Powell eventually realizes that the selenium source contains unforeseen danger to the robot. Under normal circumstances, Speedy would observe the Second Law, but because Speedy was so expensive to manufacture, the Third Law had been strengthened. As the order to retrieve the selenium was casually worded with no particular emphasis, Speedy cannot decide whether to obey it, following the Second Law, or protect himself from danger, following the strengthened Third Law. The conflicting Laws cause what is basically a feedback loop which confuses him to oscillate around the point where the two compulsions are of equal strength, which makes Speedy appear inebriated.

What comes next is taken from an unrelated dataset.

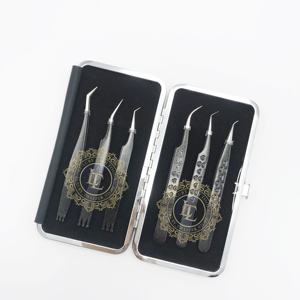 Pince à épiler de luxe en acier inoxydable à logo personnalisé, motif cœur durable, paillettes argentées, poudre noire pour cils – Vente chaude - Product Image 2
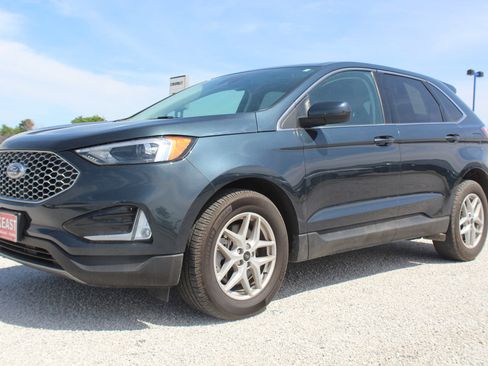 Used 2023 Ford Edge SEL w/ Convenience Package AWD/4WD image 1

Under the Second Law Speedy should obey Powell's order to return to base, but that fails, as the conflicted positronic brain cannot accept new orders. An attempt to increase the compulsion of the Third Law also fails. They place oxalic acid, which can destroy Speedy, in his path, but it merely causes Speedy to change his route until he finds a new equilibrium between the avoid-danger law and the follow-order law.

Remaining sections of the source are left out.